Stored items:
*** Block opens ***

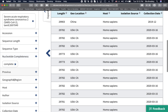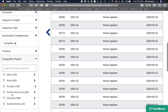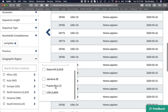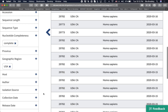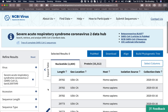You can also go to geographic region and, for example, just select all of those that are in the US. There are over 2,800 nucleotide sequences in the US alone.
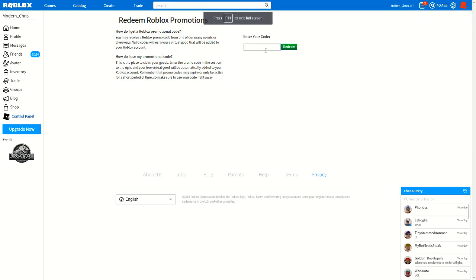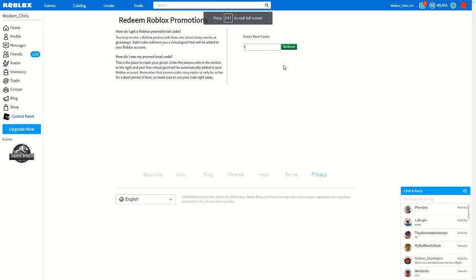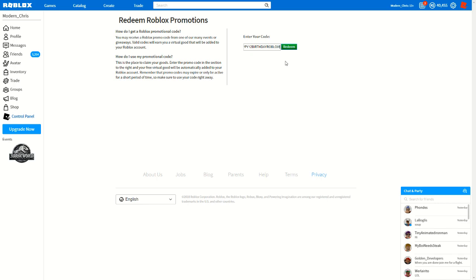Then when you're at this page, type in happy 12 roblox birthday. Oh wait, no, no, no. Like that. So happy 12, the number 12, birthday, and then roblox, and exclamation marks at the corners there.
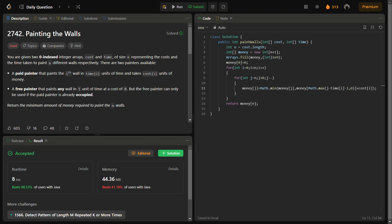Now let's look at the time complexity and space complexity. The time complexity for this question is O(n²), where n is the number of walls, because we are iterating twice — first time for the entire array and the second time for all the possible values. The space complexity is O(n) because we take a DP array, or you can call it a money array.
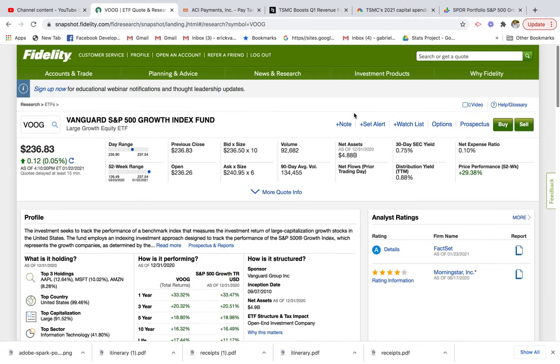Hey guys, thanks for tuning in. So in today's video, we're going to go over how to invest in growth stocks. We're going to look at how to invest in index growth funds and also individual stocks. So let's get straight to it.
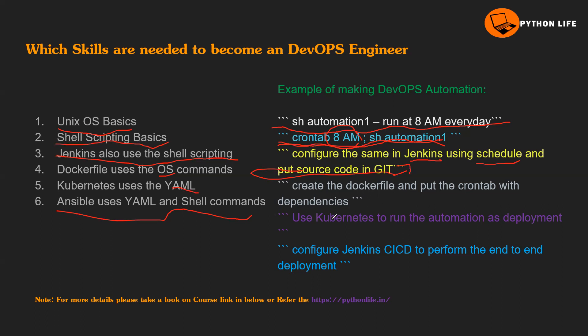My advantage is that Jenkins also has a scheduler mechanism or crontab. The logs I can see within Jenkins itself. I can shut down the previous server that I don't need it. Next, create the Dockerfile and put the crontab with dependencies. For example, I want to run it based on the time. I don't want to waste my resources, CPU, memory. I put it in a container and I can host it in Kubernetes. Kubernetes charges will be very less, it's like a pay-as-you-go model. Whenever there is work, it will start the container. If not, then it will shut down.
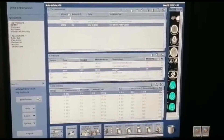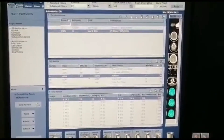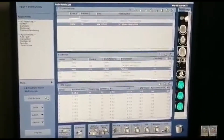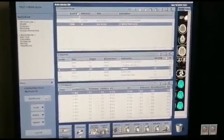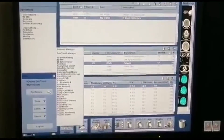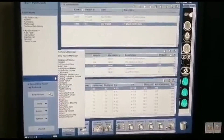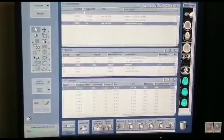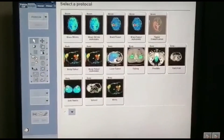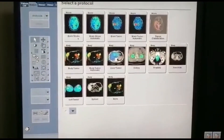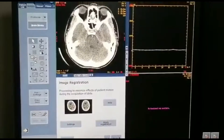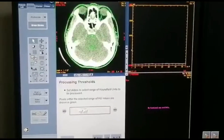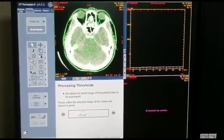Select the perfusion series — it will be under the perfusion — and then go to more. Then you have CT Perfusion 4. Select brain perfusion and then click next.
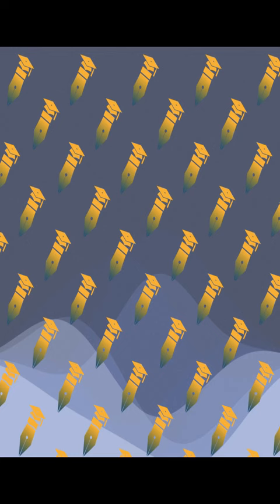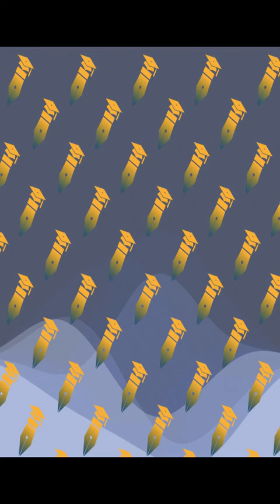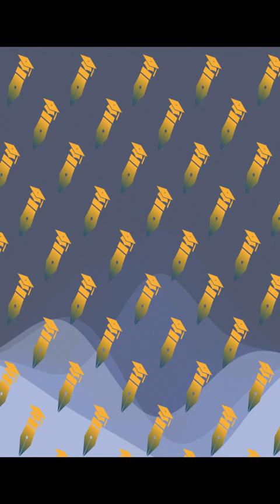The future opportunities for research pathways in 2D TMO and C-based photocatalysts are also presented. This article was authored by Farjana Hak, Torben Deneek, Karash Kalantarzadeh, and others.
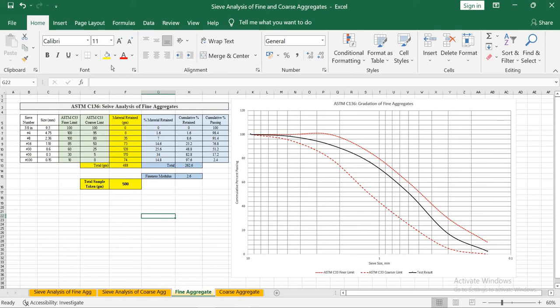Assalamu alaikum. I am engineer Hamna Shaqeel. In this video we will learn how to plot sieve analysis data of fine and coarse aggregate.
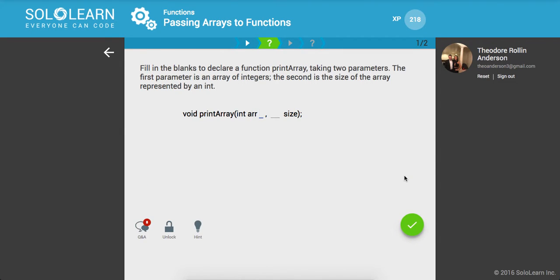So fill in the blanks to declare a function print array, taking two parameters. The first parameter is an integer array, okay, and the next one is the size, int size, cool.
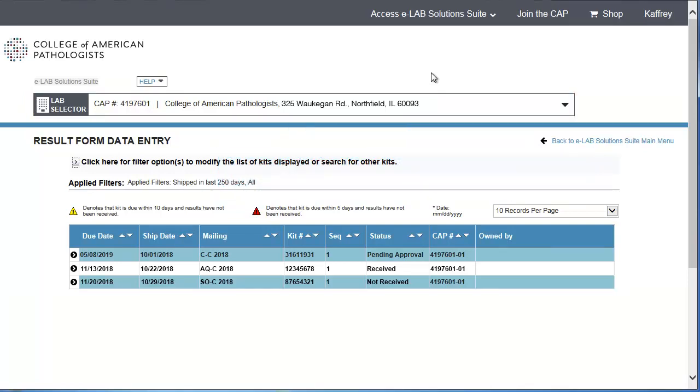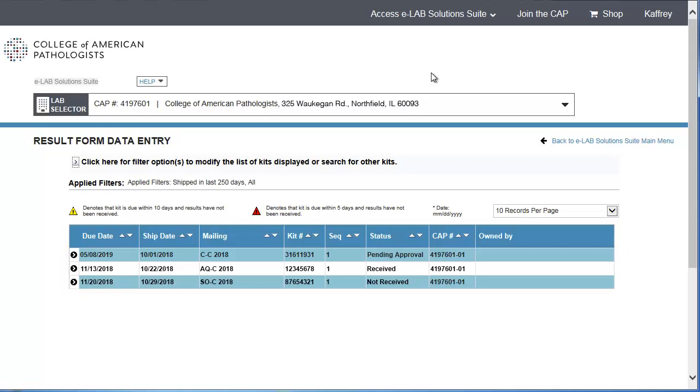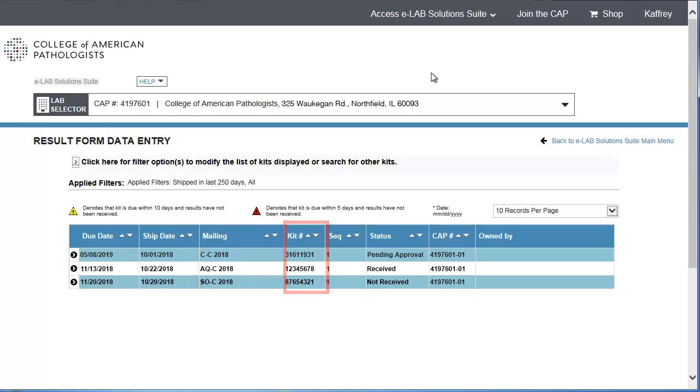On the Result Form Data Entry screen, you'll see all the PT kits due within 75 days. The list includes the associated ship date, mailing, kit number, sequence number, status, and CAP number.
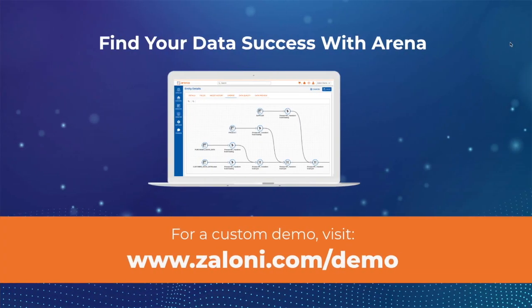That was a quick look at how Arena helps users create a data marketplace and reduce their time to value. If you'd like to learn more, or to see a custom demo, visit our website at zaloni.com/demo. Thank you for watching.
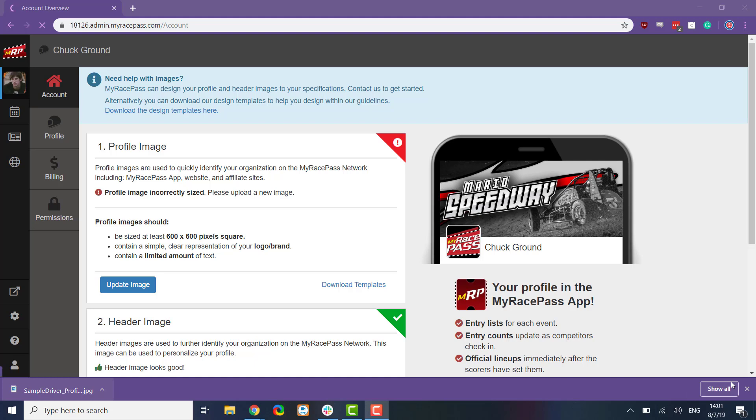These are going to be shown a couple different places. It can be shown on our plus site as well as in the app. We have a couple cool spots there for everything for you.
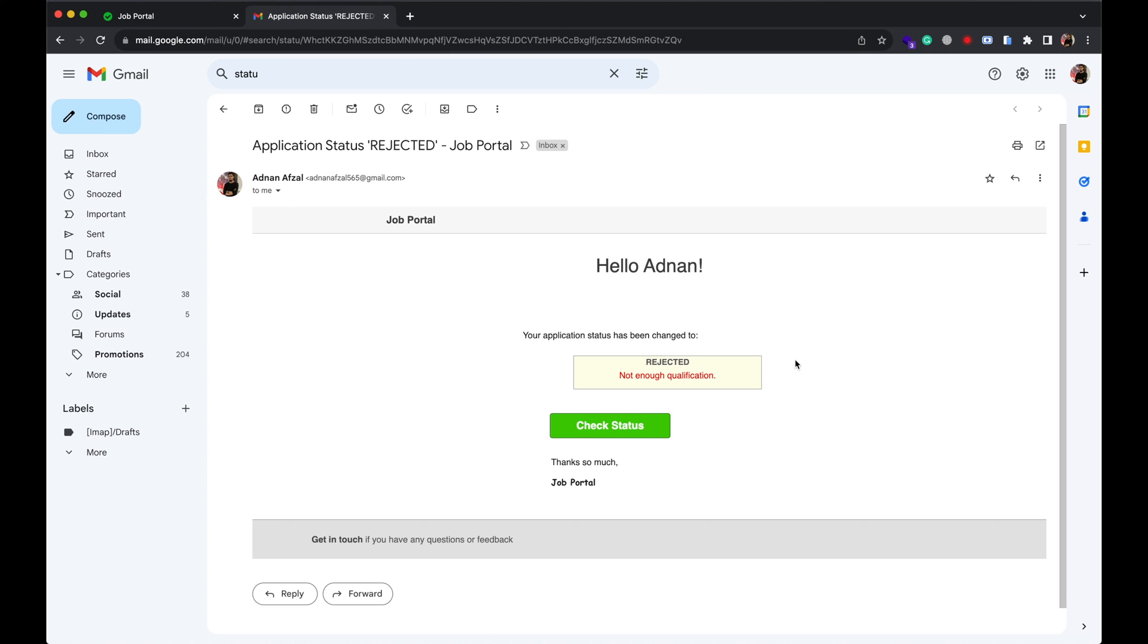So that's it. These are all the features right now in this job portal website created in PHP and MySQL. You can get this project from the link in the description. I will add more and more features in it and will update you whenever a new feature is added.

*** Block closes ***

*PROBLEM TO SOLVE*. Go down the entries above from the line containing "That was a quick" to the line containing "These are going" and write out each line exactly, leaving pictures out.

*RESPONSE BOX*.
That was a quick look at how Arena helps users create a data marketplace and reduce their time to value. If you'd like to learn more, or to see a custom demo, visit our website at zaloni.com/demo. Thank you for watching.
These are going to be shown a couple different places. It can be shown on our plus site as well as in the app. We have a couple cool spots there for everything for you.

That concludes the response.